Ice Scan is a product search engine for consumer electronics, computer hardware and software, telephony, mobile phones, household appliances, and much more...
www.icescan.com - USA version
Ice Scan uses the domain and i18n modules to build a fully multi-domain, multi-site and multi-lingual system: 12 languages, 11 domains, 11 Solr databases - all from 1 Drupal core using 1 MySQL database, on 1 server.
When I read TheFind.com was funded with 20 million USD investment capital,... (back in 2005)... I knew it could be done on Drupal for nothing. And it looks like I'm going to be right. I imagined these large corporations spent millions $$ alone on their 'patentend search technologies'. But a similar, equally powerful search technology ships for free in Drupal's Apache Solr Integration Project. No need to re-invent the wheel.
This is a personal project and still just a try-out for a much bigger project. Eventually the idea is to compete with TheFind.com and Google Shopping. The system will also be released as a Drupal installation profile, so others can setup their own affiliate product search system. Release date for such a profile will take a while, expect it around late 2011, early 2012, and will be done on Drupal 7, when the time comes. I first need to focus on building the new business and a series of such search sites.
This Drupal 6.x site now has almost half a million nodes and 5 million taxonomy tags (SKU, Brand, EAN, etc. etc.), but will continue to grow to over 10-20 million product nodes. At that point "Ice Scan" has reached its pre-determined limit. But another project in planning will go much further, to the sizes of Google and TheFind (i.e. 500 million products and more).
I will occasionally report back to the community what obstacles had to be overcome.
So far, dealing with 500K nodes:
- avoid taxonomy_get_tree() at ALL cost!! Write custom workarounds if you really need it. That function is just not intended for large sites.
- watch out for pathauto: it uses taxonomy_get_tree(), i.e. don't use paths with child-terms (our PHP memory constantly spiked to 1200MB due to tax_get_tree...)
- switch to Drupal Pressflow "fork", http://www.pressflow.org, for performance
- stick to memcache for anonymouse users, it works great (see http://2bits.com/ for a SF2010 video). There's a lot of caching modules out there, but all you need is memcache and a lot of RAM.
P.S. Why the name "Ice Scan"? Because good short domain names are very hard to come by. I follow the principle "build first, brand later". If a project becomes a success, and the money comes, you can always opt to buy a cool 4-letter domain.
Ice Scan's search technology is based on Drupal's Apache Solr Search Integration,
http://drupal.org/project/apachesolr
Also part of the series are:
http://ca.icescan.com - Canada
http://www.icescan.co.uk - United Kingdom
http://www.icescan.de - Germany
http://www.icescan.fr - France
http://www.icescan.be - Belgium
http://www.icescan.nl - Netherlands
http://www.icescan.it - Italy
http://www.icescan.es - Spain
http://jp.icescan.com - Japan (* planned, not live)
http://www.icescan.in - India (* planned, not live)
More domains will be added, as we scale it up to 10-20 million products total.
Top 5 most important Drupal modules to create such a site:
http://drupal.org/project/apachesolr (with custom modding, additional patches)
http://drupal.org/project/feeds (with patches for mapping on import, and parser-level batching)
http://drupal.org/project/i18n
http://drupal.org/project/domain
http://drupal.org/project/views
Morningtime also developed a series of custom modules.
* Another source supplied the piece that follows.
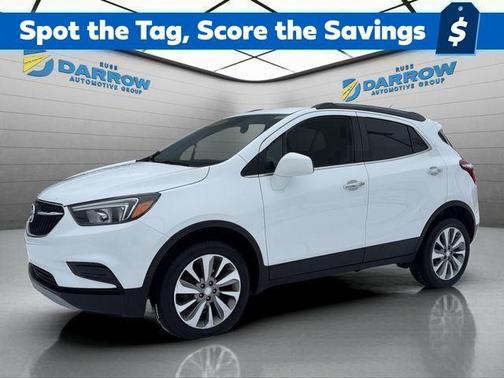 Summit White 2020 Buick Encore Preferred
Some of these will eventually be realease to the Drupal module repository. Among others the ApacheSolr-Money integration module, with a price-slider to filter results.
You can also vote for Ice Scan on Drupal sites.net
http://www.drupalsites.net/weblink/ice-scan
Comments
Very interesting
Very interesting information.
I'm glad that you've listed out the main modules and the problems you are having with some of the modules/functions.
Please keep the information coming. It will be interesting to see your progress with Drupal.
and GOOD LUCK!
Dead project?
Hi, interesting. Is it a dead project now?
$100,000
He quoted me $100,000 when I asked how much to sell me a license.